The syndic of the Bar, alerted to the fact of this correspondence by the Chief Justice of the Superior Court, lodged a disciplinary complaint against Me Doré, accusing him of having contravened Section 2.03 of the Code of ethics of advocates(2) and Sections 59.2 and 152 of the Professional Code(3). The first provision establishes a lawyer’s obligation to behave in an objective, moderate and dignified manner, while the second two forbid the commission of acts that are derogatory to the honour and dignity of the profession. It must be noted however that Section 2.03 of the Code of ethics of advocates has, since the disciplinary complaint was lodged, been abridged. Section 2.00.01 of the same Code, differing very little from the former provision, has now replaced it.


Decisions of the lower courts

Appearing before the Québec Bar’s Disciplinary Committee(4), Me Doré argued that it was up to the syndic to prove that the remarks contained in his letter were false or exaggerated, since otherwise he could not be reproached for having uttered them, the more so because, according to him, a lawyer has the right to respond to a judge who addresses personal criticism to him.
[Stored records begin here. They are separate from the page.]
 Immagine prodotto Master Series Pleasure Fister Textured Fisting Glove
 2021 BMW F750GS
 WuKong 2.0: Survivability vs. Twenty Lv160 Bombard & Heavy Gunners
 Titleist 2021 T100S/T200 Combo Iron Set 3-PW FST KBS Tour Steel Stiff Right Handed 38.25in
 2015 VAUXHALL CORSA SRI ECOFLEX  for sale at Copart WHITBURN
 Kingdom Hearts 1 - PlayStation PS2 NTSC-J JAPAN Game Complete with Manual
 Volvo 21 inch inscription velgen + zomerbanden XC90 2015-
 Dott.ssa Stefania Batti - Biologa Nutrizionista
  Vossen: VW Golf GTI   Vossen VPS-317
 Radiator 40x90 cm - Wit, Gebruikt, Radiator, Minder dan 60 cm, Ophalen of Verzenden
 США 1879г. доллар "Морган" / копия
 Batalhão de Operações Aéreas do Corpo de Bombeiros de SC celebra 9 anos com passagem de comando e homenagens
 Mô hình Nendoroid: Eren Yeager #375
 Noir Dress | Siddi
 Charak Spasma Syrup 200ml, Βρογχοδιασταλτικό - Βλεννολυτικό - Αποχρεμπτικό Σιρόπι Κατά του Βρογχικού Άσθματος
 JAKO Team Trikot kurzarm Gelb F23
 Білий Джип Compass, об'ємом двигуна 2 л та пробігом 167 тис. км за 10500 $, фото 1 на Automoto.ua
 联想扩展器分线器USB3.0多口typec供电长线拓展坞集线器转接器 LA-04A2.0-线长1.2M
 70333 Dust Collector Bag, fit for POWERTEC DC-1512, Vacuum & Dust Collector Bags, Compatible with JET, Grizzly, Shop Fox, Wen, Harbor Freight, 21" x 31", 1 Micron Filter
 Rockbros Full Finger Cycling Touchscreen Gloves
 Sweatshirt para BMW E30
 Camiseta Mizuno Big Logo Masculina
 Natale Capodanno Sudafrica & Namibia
Me Doré also raised the point that a lawyer, as is the case for any citizen, benefits from the freedom of expression enshrined in the Canadian Charter of Rights and Freedoms(5) and that, in consequence, the legal provisions under which he was being prosecuted could not be interpreted in such a way as to deny him this right.


The Disciplinary Committee did not accept these arguments and sentenced Me Doré to a striking of 21 days(6). In doing so, the Committee noted that the defendant should have known that the insults contained in his letter, whether or not he wanted them to be private and made in his own name, were highly likely to become public considering the function occupied by the addressee. Besides, Me Doré could not seek to evade the obligations regulating the profession that he has freely chosen to pursue. The Committee considered that, should this incident go unpunished, it might signify that a lawyer may, by addressing reproaches and disagreeable comments to a judge, create a situation in which a judge might be obliged to recuse himself, which would almost be tantamount to “choosing one’s judge”.


This said, the Committee recognized the right of a lawyer to reply to unjustified criticism from a judge. However, in his capacity as an officer of the court, a lawyer is nevertheless obliged to remain respectful even in such circumstances. The Disciplinary Committee judged that these limits to freedom of expression are reasonable and can be justified with respect to the Canadian Charter of Rights and Freedoms.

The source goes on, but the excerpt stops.